This is another entry in my series about the odd journey about being a published author with no agent.

This week has been an odd one for me. I’m about 9 000 words away from finishing my NaNoWriMo novel, and, I hope, the whole manuscript as well. I’m happy with the plot, and really enjoy spending time with my MC, though I keep catching myself writing things too early; like, a turncoat character was meant to be shot at the climax, and ended up being shot significantly earlier to save my heroine. Now I wonder – can I shoot him again?

(My brain goes, “No, swords are cooler!” I feel sorry for the bastard, I’ve already set him on fire, too.)

And I know that the back half of the book, instead of being a series of events that pressure and weigh on my heroine until she finally snaps and agrees to the one thing she’s been trying to avoid throughout the book to bring the book to its climax, is just a …rather blah series of events. But, as my friend and I have come to laugh to each other when we’re feeling punchy from too much tea and writing, “That’s what January is for.”

So while the manuscript is not where I’d like it to be, it is nearly done, and the editing stage awaits, so I am excited and confident, because this is the first fiction novel I’ve finished since about February 2008.

And now I’m in a strange limbo place of being both accepted and rejected at once.

I feel like Schrödinger’s Author.

Several days ago I was informed that an essay I wrote in 2008 has been accepted to appear in an academic reader in 2011/2012. Right now I can’t say more than that, not until the official announcement has been made. I’m not concerned about the state of that, because my argument hasn’t much changed since I wrote it, and I’ve had a fantastic and critical expert look over it since. I am confident that it will only take a weekend’s worth of work to get it up to snuff, and feel very proud that I will have my first wide-scale essay publication.

So, I am extremely overjoyed.
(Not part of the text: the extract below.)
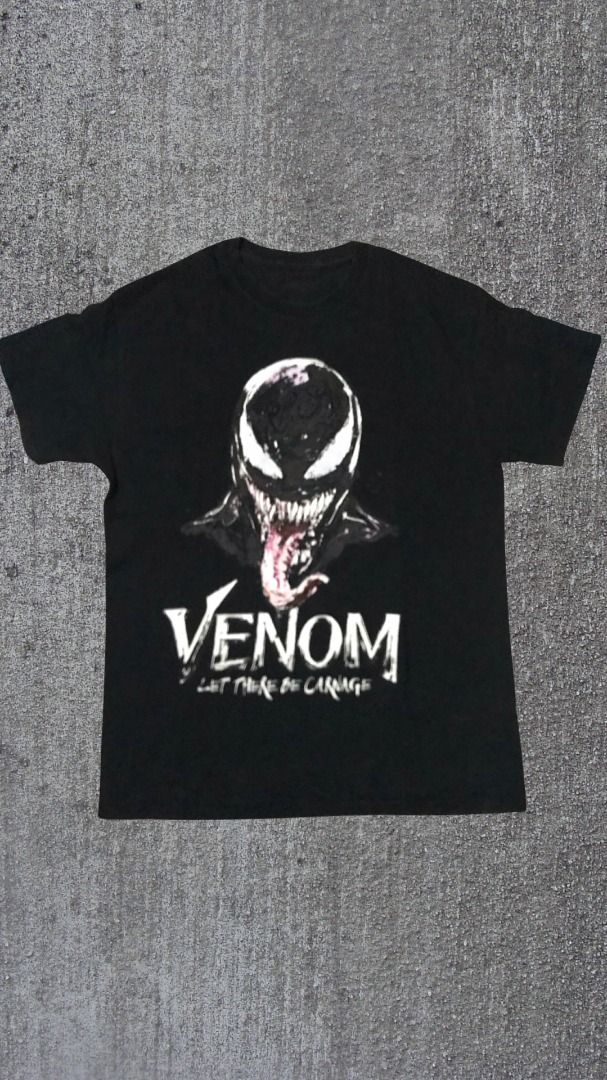Marvel Venom Let There Be Carnage T-shirt (Category: Tshirts & Polo Shirts ) located in Cebu City. Submitted by pavement_n_patch (Listing ID 1469348592, Image 1). Description: Small (19.5x18) No issues.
I am really looking forward to having a “real” article out there on my favourite pet topic. But at the same time, I had my heart set on participating in a contest where agents are exposed to unsigned authors. I worked very very hard on my entry and was extremely excited when I got through the first found, and more crushed than I expected I would be when I didn’t go further.
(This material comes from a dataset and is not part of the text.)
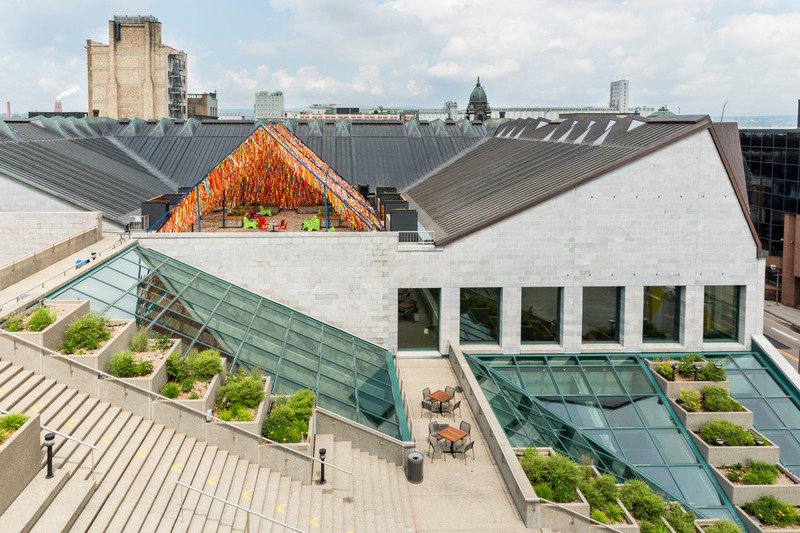 Press kit | 837-35 - Press release | "Les métissages" of the International Garden Festival 2020 at "Les Jardins de Métis" - International Garden Festival / Reford Gardens - Event + Exhibition - <p class="">Roof Line Garden</p><p class="">by Julia Jamrozik and Coryn Kempster, Canadian artists and designers based in Buffalo, New York</p> - Photo credit: François Ozan - Icône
It’s strange, because logically I know that everything is subjective, that there were dozens of other entries they had to sort through, that perhaps there were so many entries in my genre that they had to be ruthless, that perhaps my story just did not appeal to the personal tastes of the slushers. And I can deal with that, because I am a well adjusted adult who has come to understand that when the publishing industry rejects you, it’s not personal.
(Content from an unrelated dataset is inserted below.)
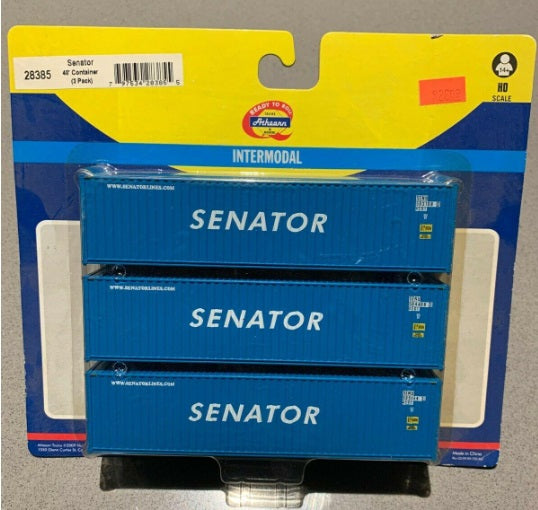 Athearn 28385 HO Ready To Roll Senator Intermodal 40'' Container (Pack ...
I look forward to spending the time going through the entries of the people who DID get through, and reading what other people have poured their hearts and souls and time into. I am especially excited because I know they, like me, must have worked their bottoms off to get it to the level they did, and must have been just as thrilled and relieved as I was disappointed that they got in. (Though, I will maybe in the future request a little blurb about why my piece was rejected, exactly. Can’t improve if you don’t know!)

And it’s confusing, how I should feel right now. Happy, because I sold the essay. Unhappy, because I didn’t make it into the contest. Happy, because getting rejected from the contest means that I have more time to work on the novel, and happy that I was given the opportunity to know that there’s some element of my query that isn’t working before I start sending it to agents. Unhappy, because I have a lot of editing to do on the essay. (Happy because that new research will involve watching copious amounts of my fave TV show).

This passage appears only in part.